(Stored data entries)
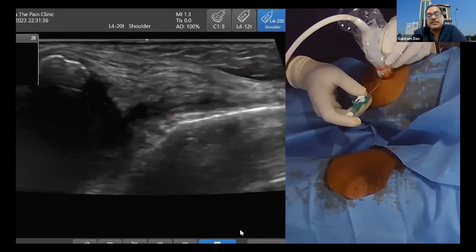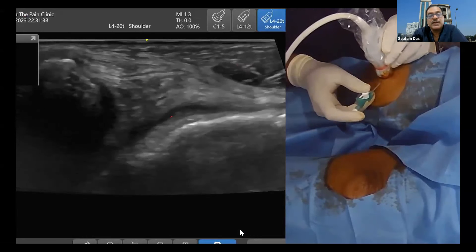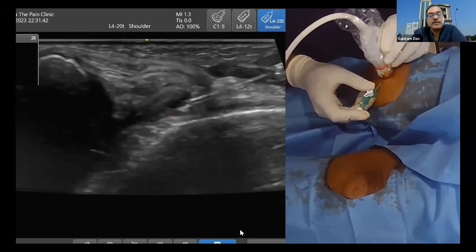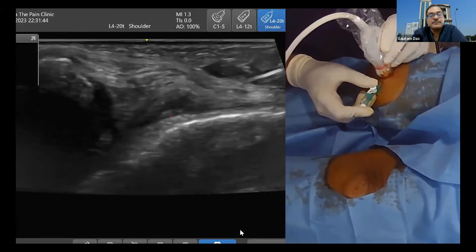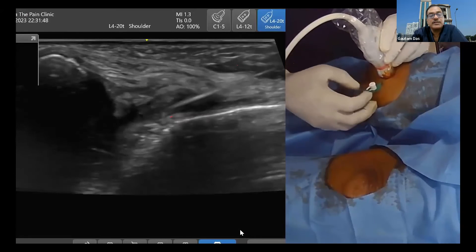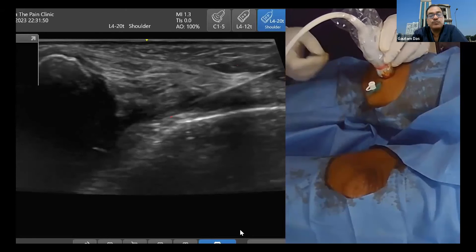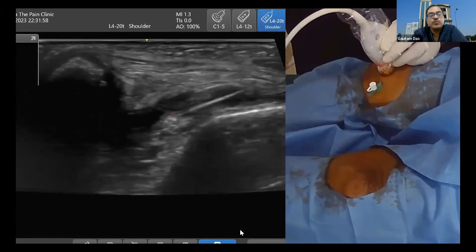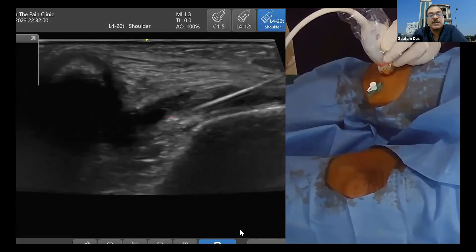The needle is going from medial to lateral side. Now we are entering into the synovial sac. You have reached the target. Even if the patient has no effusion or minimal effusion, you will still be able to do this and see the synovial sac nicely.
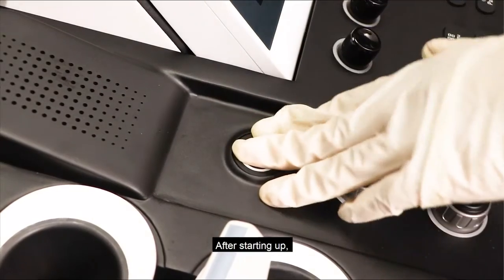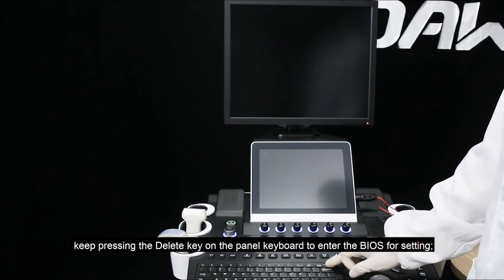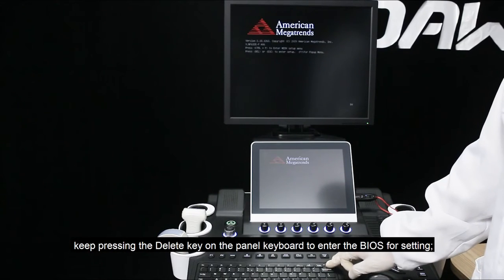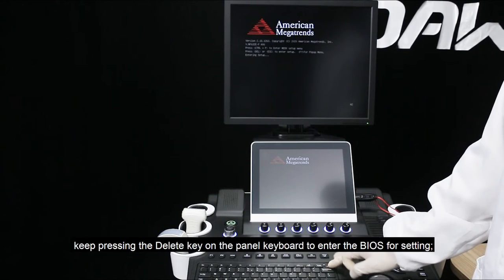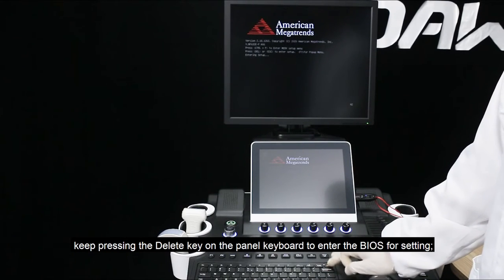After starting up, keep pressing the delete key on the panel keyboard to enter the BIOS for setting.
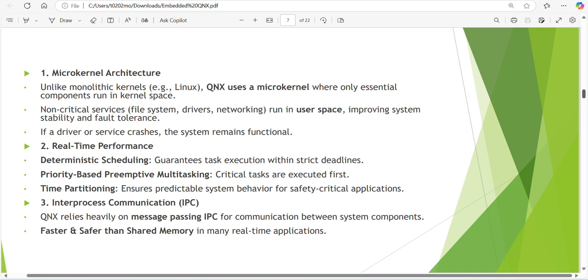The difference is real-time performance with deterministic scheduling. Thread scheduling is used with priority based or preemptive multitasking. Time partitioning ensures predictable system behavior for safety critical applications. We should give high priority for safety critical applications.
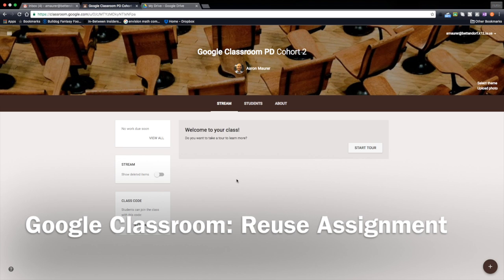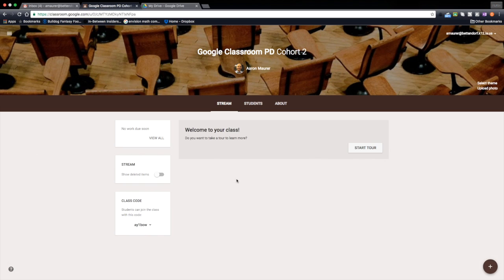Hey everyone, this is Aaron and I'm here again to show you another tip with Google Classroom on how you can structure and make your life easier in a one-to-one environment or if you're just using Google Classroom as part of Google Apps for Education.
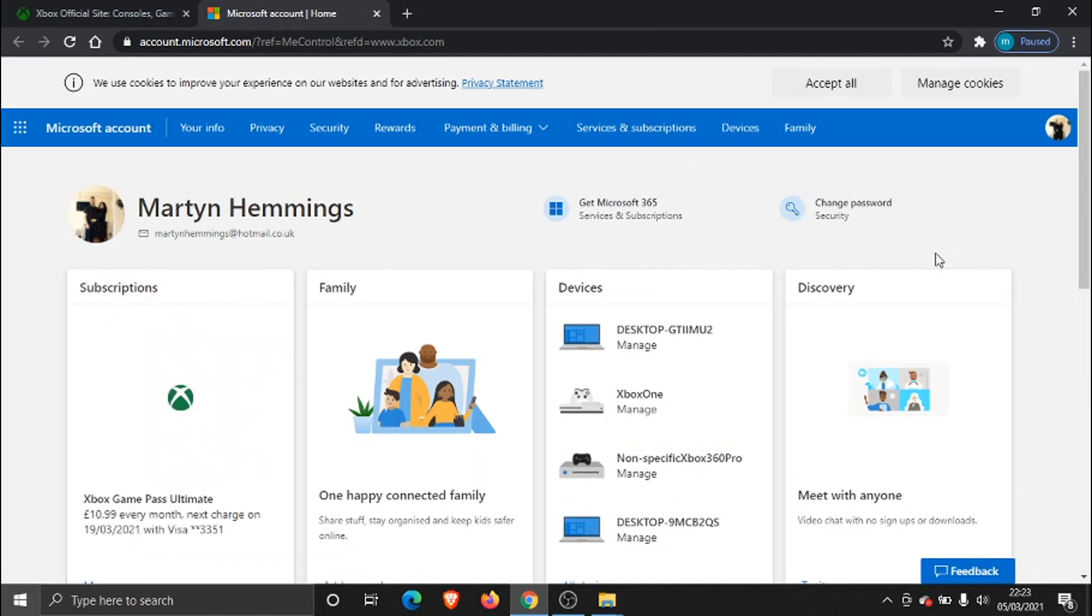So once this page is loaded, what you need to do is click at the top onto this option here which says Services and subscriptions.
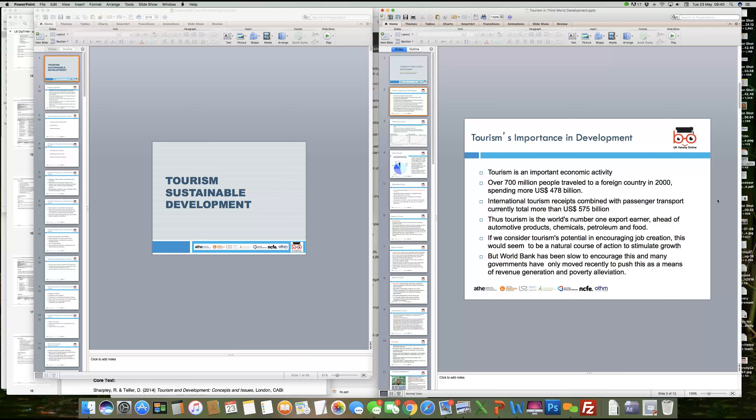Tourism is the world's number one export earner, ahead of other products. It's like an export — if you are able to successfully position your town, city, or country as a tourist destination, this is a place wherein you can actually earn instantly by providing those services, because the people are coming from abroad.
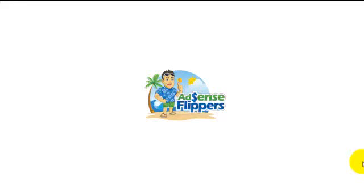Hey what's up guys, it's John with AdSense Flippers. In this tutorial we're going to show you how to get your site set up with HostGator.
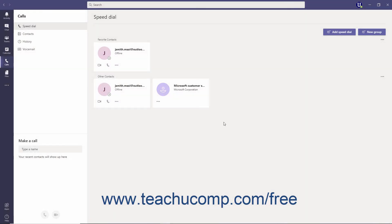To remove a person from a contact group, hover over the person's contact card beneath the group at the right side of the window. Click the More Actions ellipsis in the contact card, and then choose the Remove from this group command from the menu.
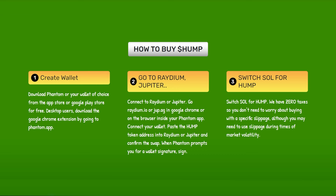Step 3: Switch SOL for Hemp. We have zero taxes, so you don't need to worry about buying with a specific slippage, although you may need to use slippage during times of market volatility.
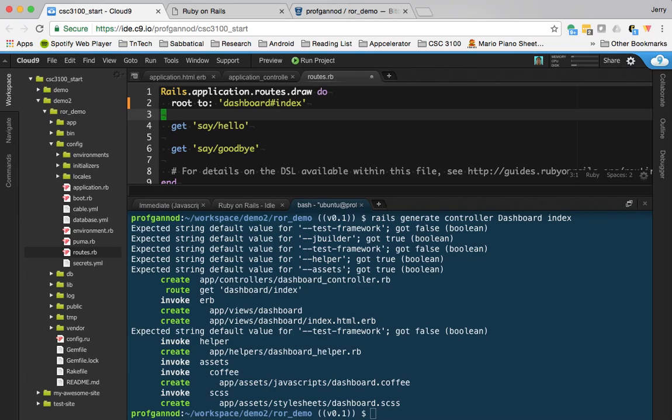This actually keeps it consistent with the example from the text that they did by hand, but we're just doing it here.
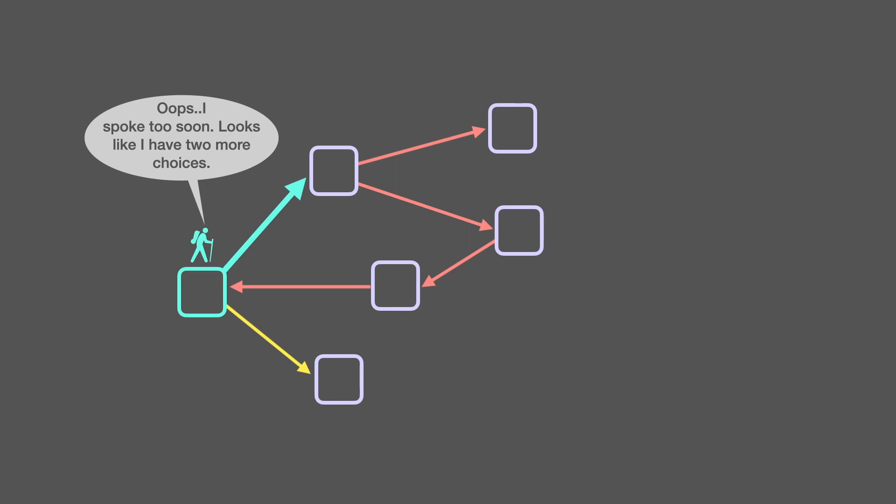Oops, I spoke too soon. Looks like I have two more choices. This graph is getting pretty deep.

Description of the task - Leaving the pictures out, set down exactly the lines from the one with "So once this" through the end of the records.

Response for this exercise -
So once this page is loaded, what you need to do is click at the top onto this option here which says Services and subscriptions.
Tourism is the world's number one export earner, ahead of other products. It's like an export — if you are able to successfully position your town, city, or country as a tourist destination, this is a place wherein you can actually earn instantly by providing those services, because the people are coming from abroad.
Hey what's up guys, it's John with AdSense Flippers. In this tutorial we're going to show you how to get your site set up with HostGator.
To remove a person from a contact group, hover over the person's contact card beneath the group at the right side of the window. Click the More Actions ellipsis in the contact card, and then choose the Remove from this group command from the menu.
Step 3: Switch SOL for Hemp. We have zero taxes, so you don't need to worry about buying with a specific slippage, although you may need to use slippage during times of market volatility.
This actually keeps it consistent with the example from the text that they did by hand, but we're just doing it here.
Oops, I spoke too soon. Looks like I have two more choices. This graph is getting pretty deep.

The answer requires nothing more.